C’est avec leur bébé âgé de maintenant 3 ans que la troupe est arrivée au festival. Une version théâtrale des chansons de l’auteur-compositrice-interprète: Anne Sylvestre. Sur scène: un guitariste, un mandoliste et surtout deux actrices parfaitement rodées, Katia Redier et Anne Veyry, pour une oeuvre contemporaine drôle et poétique. Nous avons suivi les deux derniers jours de la troupe argenteuillaise à Avignon. Entre espoir et coup de fatigue, bilan d’un mois en terre vauclusienne.


 Difficile de se faire remarquer parmi la foule des tracteurs. Ici c’est une concurence pure et parfaite qui fait rage, et la chasse aux spectateurs c’est la mission de Charlotte, la benjamine de la compagnie Baba Yaga. Rivalisant d’originatlité pour attirer le public, les troupes Off usent d’échasses ou encore d’une cariole au pianiste virtuose. "Il faut absolument venir tous les ans pour se montrer", lance Charlotte. "Pour une heure de tractage, c’est environ quatre spectateurs", estime t-elle et d’ajouter, "c’est le bouche à oreille qui fonctionne ici". Il faut dire qu’à Avignon, c’est le supermaché pour les programmateurs. Les compagnies de la France entière le savent. Cette année encore, elles sont venues plus nombreuses.

C’est l’heure de l’apéro, la troupe vient de quitter la salle du petit Louvre pour leur avant-dernière représentation. Sous le soleil d’Avignon le mistral tempère la chaleur en cette fin d’après midi, et  comme à leur habitude, en terrasse place Crillon, les huit accolites débriefent. "Ils étaient 11 dans la salle ce soir" lache grimaçant David Ruellan, comédien et metteur en scène . "Dur, dur" en cette dernière semaine, les festivaliers ont quelque peu déserté les lieux. "Au début ils s’arrachaient les tracts, ils venaient les chercher dans nos mains" explique un membre de la troupe. Il faut dire que lors des deux premières semaines, Nous Sommes de Celles affichait presque complet, remplissant à quelques sièges près, la petite salle de 80 places.

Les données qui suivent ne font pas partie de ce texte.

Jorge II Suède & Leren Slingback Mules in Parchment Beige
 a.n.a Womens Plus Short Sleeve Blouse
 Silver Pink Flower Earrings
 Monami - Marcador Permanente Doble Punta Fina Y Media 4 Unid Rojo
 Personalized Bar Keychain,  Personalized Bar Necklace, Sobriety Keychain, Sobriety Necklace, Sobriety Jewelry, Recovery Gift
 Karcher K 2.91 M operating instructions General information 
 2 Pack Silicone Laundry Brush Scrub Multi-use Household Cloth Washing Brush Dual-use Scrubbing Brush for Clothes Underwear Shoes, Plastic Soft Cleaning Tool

"On se fait même inviter chez les spectateurs"

Une affluence en berne, loin de démoraliser les Argenteuillais: "c’est le seul endroit où l’on peut rencontrer la France entière" explique David Ruellan, ajoutant "ici on a un vrai retour, plus qu’à Paris, on se fait même inviter chez les spectateurs". Mais en cette fin de festival c’est aussi la fatigue qui se fait sentir, et la question financière. Car 25 représentations à Avignon
"ça coute très  cher", une vitrine de près de 40 000€  financée à la débrouille, entre subventions publiques et coups de pouce privés. "Ca cimente la dynamique de création", constate Katia Redier, et d’affirmer: "c’est aussi ici qu’on apprend son métier".

Malgré une oeuvre de qualité et une bonne pub, les petits nouveaux d’Avignon n’ont pas décroché beaucoup de signatures des programmateurs. Une date seulement signée sur place par une programmatrice du Gard. Mais selon leur expérience de l’année passée "les achats se négocient après", entre septembre et décembre. Pour son deuxième festival, Baba Yaga ne repart pas complètement bredouille. Aujourd’hui leur rapport à Avignon a changé, et  la "peur de la grande foire" a disparu. La troupe projette même de jouer un nouveau spectacle pour 2011.